We’ve just rolled out our national advertising campaign. There are four animated TV campaigns that are 15 seconds each in length and bring the ampersand in ‘Raine&Horne’ to life. They touch on certain key elements as to why people sell because our major issue around Australia is listings. It’s all about selling and driving the phones in our offices to ring, so it’s very exciting and it’s got some really positive feedback.
We have gone back to basics with this campaign. Television is a medium we haven’t used for several years and I think we’re the first national group to really embrace it again. Even though it’s only been two months, it has received great traction so far.
What are your plans for expansion in Australia?

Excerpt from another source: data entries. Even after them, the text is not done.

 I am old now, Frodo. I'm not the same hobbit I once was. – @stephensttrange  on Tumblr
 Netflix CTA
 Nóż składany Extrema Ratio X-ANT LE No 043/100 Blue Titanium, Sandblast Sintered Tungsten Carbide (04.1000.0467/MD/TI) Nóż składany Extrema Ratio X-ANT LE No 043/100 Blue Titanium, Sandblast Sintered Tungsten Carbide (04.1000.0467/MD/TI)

Around Australia, we have 300 offices. Our biggest state is New South Wales, closely followed by Queensland. It’s fair to say Queensland is our major focus at the moment. We bought the master franchise back several years ago and in Queensland, a lot of those markets have been to hell and back.
They really have had a tough time but there are some green shoots growing there, particularly in south east Queensland, which is really good to see.

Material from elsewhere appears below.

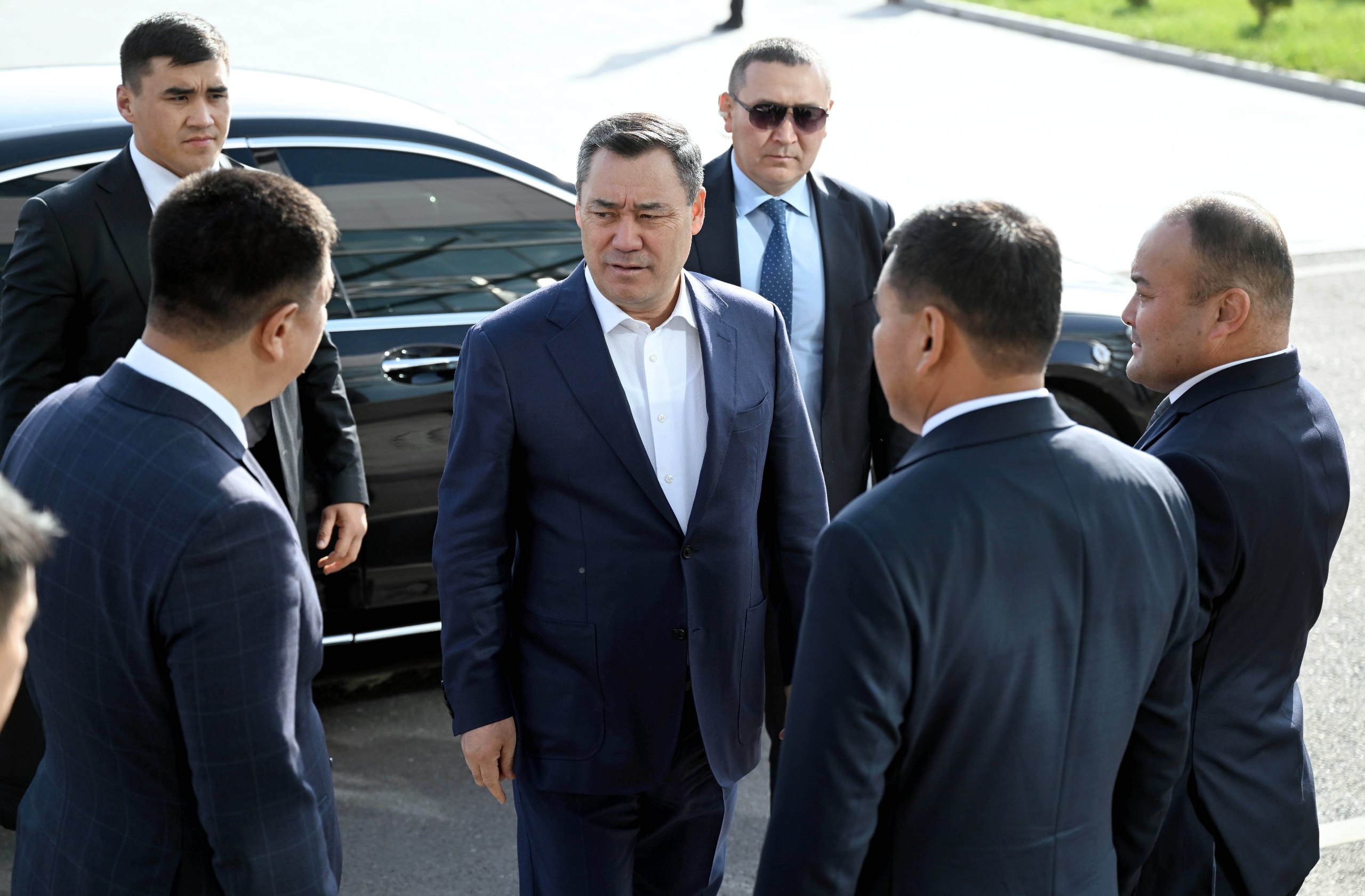 Президент Садыр Жапаров Манас шаарынын жана Сузак районунун социалдык-экономикалык өнүгүүсү менен таанышты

We recently opened our 15th office in Brisbane. It is a market that is moving in a northern trajectory, which is great, but it really is a market the previous master franchise hadn’t concentrated on. They were a major regionally-based franchise network, but it stands to reason that, as an international brand, we have to be in Brisbane.
What are your thoughts on the Gold Coast market and how it is tracking?

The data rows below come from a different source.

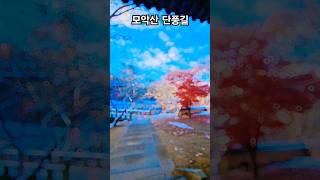 모악산 단풍길 풍경 가을이오면(전체가사) 이문세 여행 music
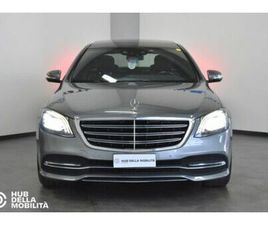 MERCEDES-BENZ CLASSE S 350 D 4MATIC PREMIUM LUNGA DEL 2018 USATA A FOLIGNO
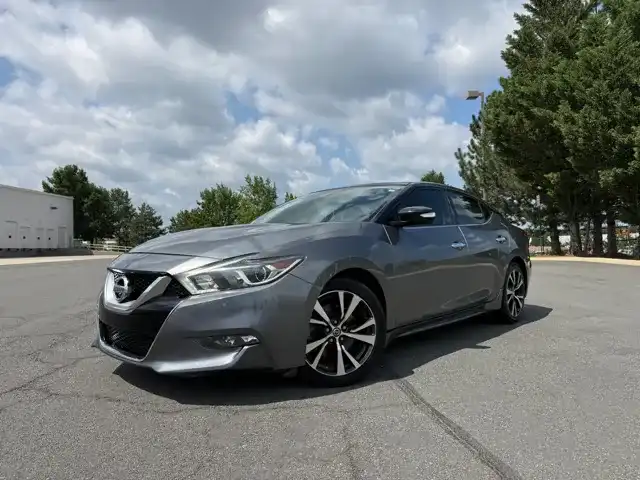 2016 Nissan Maxima 3.5 SL's photo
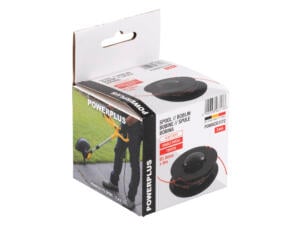 Powerplus POWACG1172 bobijn dubbele trimmerdraad twist 1,6mm 4m POWXG30033/30035 2 stuks
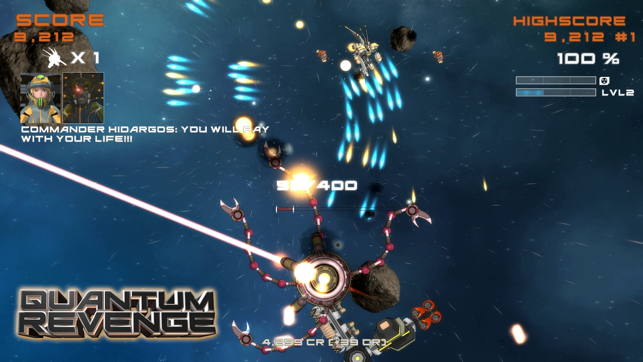 ‎Quantum Revenge Screenshot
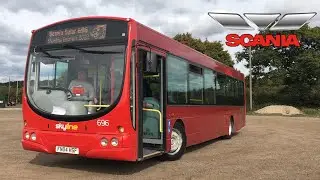 Tuneful Scania L94UB w/ kickdown! | &euro;3 Ecomat, FN04HSF &ldquo;696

I think it is a great litmus test to see where the Australian market is tracking. The Gold Coast market is mainly an investor market. It’s an aspirational market and it’s a market driven from the southern states in Sydney, and more so from Melbourne.
I think the buying opportunities in the market are amazing. You can buy a unit for a couple of hundred thousand dollars, and it leases very well – the Gold Coast economy has matured. Fifteen to 20 years ago, people living in the Gold Coast were not from the area. Now, the Gold Coast has its own community and it’s growing. There are universities and there are employment opportunities, so there are a lot of ticks in the boxes to invest or to live there, which drives the property market of course.
Raine&Horne is obviously one of the biggest real estate networks in Australia. How do you differentiate yourself from your competitors?
One of our major points of difference is we’re 130 years old, and still family-owned.
But also, we offer our principals direct access to management through our executives and myself. You don’t have to go through six different people.
It’s not like ringing the prime minister up; you go straight to me if you need anything, so I think that’s the big point of difference.
In addition, we are debt free, there’s no turmoil, we can get things done very quickly and if we make the wrong decision, we can undo it very quickly. Not many companies can say that.
How does Raine&Horne interact with international buyers?
We have offices in the UK, but internationally, we are a real ‘Asia-phile’ company and we have by far been the pioneer there. We’ve been in Malaysia for over 30 years and we’ve got 12 offices there. We’re in Hong Kong, Dubai and Fiji, where we are the number one agency. We’re just about to open offices in Beijing and Shanghai in the next two months, and they will be run by three Aussies. They’re expats who have been there for up to 15 years and are fluent in Mandarin, so they know the market intimately. Our aim is to sell Australian properties to the Chinese market.
Locally, some of our larger offices have got a ‘Chinese desk’ to cater to Chinese investors. This is a new initiative despite the fact Asian – particularly south east Asian – investors have been in Sydney for 30 or 40 years, largely in the prestige end of the property market.
This year, there has been a lot of press about Chinese money flowing into the country, and for a country of 23 million people, we need foreigners buying prestige property – there are only so many Aussies who can afford a $15 million property. We really need international players to come here.
Do you think these international players make it harder for local buyers, particularly first home buyers?
The major issue for first home buyers is that they’re competing against a lot of investors who are currently scurrying around the market. I certainly think the first home owners’ scheme has probably sucked up three or four years of demand from first home owners, and the investors are filling that void.
What sort of impact do you think the upcoming election will have?
It’s certainly going to have negative implications for agents over the spring selling season because sellers are going to sell or just wait. I think if the election date gets pushed out, people will still be selling into January 2014.
Traditionally, January is quite a slow period and we’ve only seen it pick up once before in the Sydney market, following the Sydney Olympics in 2000.
That event had the effect of pushing spring all the way out until the following year – and almost into the next January. Overall, I think the election is going to delay spring.